Healthcare organizations are creating more advanced Big Data analytics capabilities; they start moving from simple descriptive analytics to the field of quantitative insights.
This helps physicians, financial experts, and administrative staff to provide warnings before they happen about future incidents, and thus make more informed decisions about how to proceed with a decision. In the healthcare sector, predictive analytics will enable the best decisions to be made, allowing for care to be personalized to each individual.
WHAT IS PREDICTIVE ANALYTICS AND HOW DOES IT WORK?
Predictive analytics is the method of extracting data from existing data sets to identify patterns and predict future trends and outcomes. Instead of simply presenting information to a user about past events, predictive analytics estimates the likelihood of a outcome based on historical data patterns.
Below are five ways of how predictive analytics can be utilized in the healthcare industry.
1) IDENTIFYING PATIENTS HEALTH DETORIATION
While still in the hospital, a patient can face many potential threats to their well-being, including sepsis growth, hard-to-treat infection, or a sudden decline due to their established clinical conditions.
Data analytics can help clinicians react to changes in the vitalities of a patient as quickly as possible and can detect an imminent worsening before signs clearly show up to the naked eye. Predictive analytics technology using Machine learning techniques are particularly suitable for predicting hospital clinical events such as acute kidney injury (AKI) or sepsis.
2) AVOIDING APPOINTMENT NO-SHOW
Unexplained delays or skipping appointments of patients can throw-off the entire routine of a clinician and can have financial consequences for the organization.
Using predictive analytics to recognize patients likely to miss an appointment without advanced notice will enhance physician satisfaction, minimize revenue losses, and provide opportunities for organizations to give more patients open slots, thus improving rapid access to care.

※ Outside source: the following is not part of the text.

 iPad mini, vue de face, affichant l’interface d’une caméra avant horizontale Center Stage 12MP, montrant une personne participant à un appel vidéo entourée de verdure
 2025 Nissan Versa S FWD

3) IDENTIFYING PATIENT UTILIZATION PATTERNS
Beyond helping organizations get ahead of no-shows, predictive analytics will offer a heads up to clinicians when the clinic is set to get busy.
Using these data service facilities operating without set hours, such as emergency departments and emergency care centers, may change their staffing levels to compensate for patient flow variability. Inpatient wards must have beds available for patients who need treatment, while outpatient clinics and doctor's offices are responsible for keeping patient wait times short. Use analytics to forecast demand trends can help ensure optimal levels of staffing, thus reducing waiting times and increasing patient satisfaction.

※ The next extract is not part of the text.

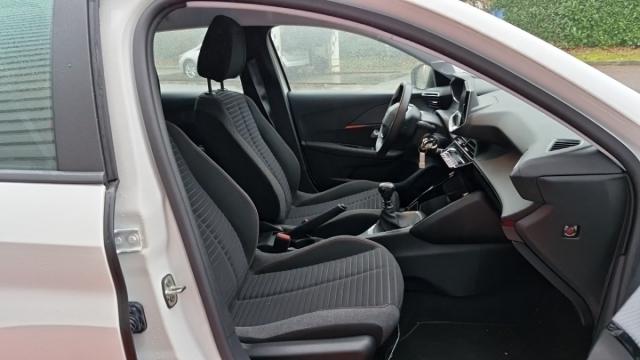Peugeot 208 image 7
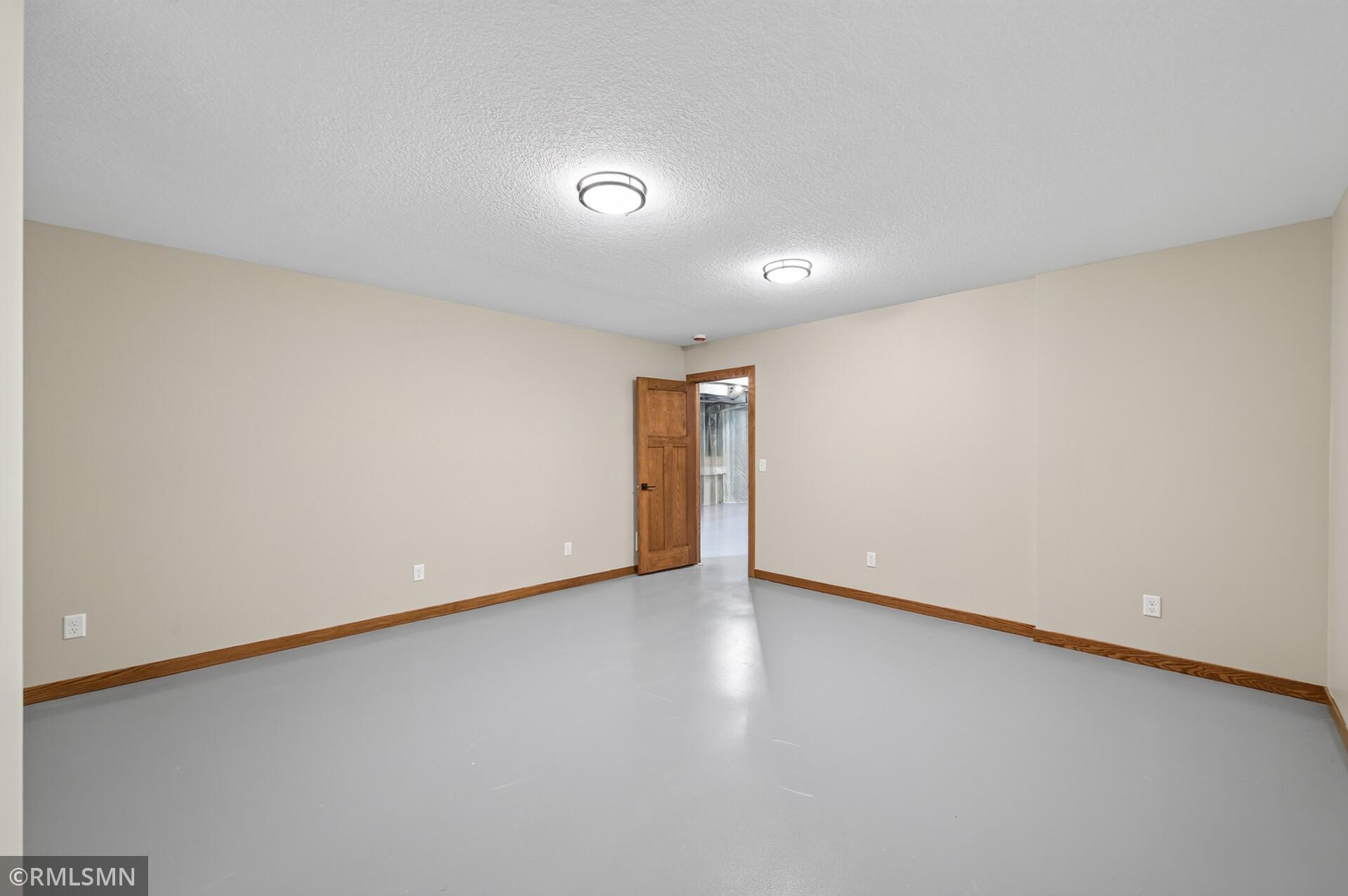 4425 Oakmede Lane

4) CREATING DISEASE SPECIFIC THERAPY
When precision medicine and genomics gain momentum, providers and researchers turn to analytics to complement conventional clinical trials and methods for drug discovery.
Predictive analytics and enabling methods for clinical decision making also play key roles in transforming new drugs into precision therapies. CDS systems are beginning to be able to predict the reaction of a patient to a certain course of treatment by comparing genetic information with the outcomes of previous patient trials, enabling clinicians to choose the therapy with the highest probability of success.

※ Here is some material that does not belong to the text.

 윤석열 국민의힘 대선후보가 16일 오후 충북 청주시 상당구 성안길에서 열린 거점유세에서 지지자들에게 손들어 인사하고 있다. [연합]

5) BETTER PATIENT ENGAGEMENT AND SATISFACTION
Customer experience management has become a vital skill for both insurers and insurance companies looking to promote well-being and minimize long-term costs ? and anticipating customer behavior is a key component in establishing efficient interactions and adherence strategies.
Both payers and providers are issued with a wealth of information they can use to build models. Healthcare providers can also acquire other sources, such as health social determinants, that will really help their models to be strong and accurate. More positive partnerships between patients and caregivers can enhance long-term commitment and reduce the risks associated with chronic diseases by using predictive analytics to support care management decisions and grow stronger.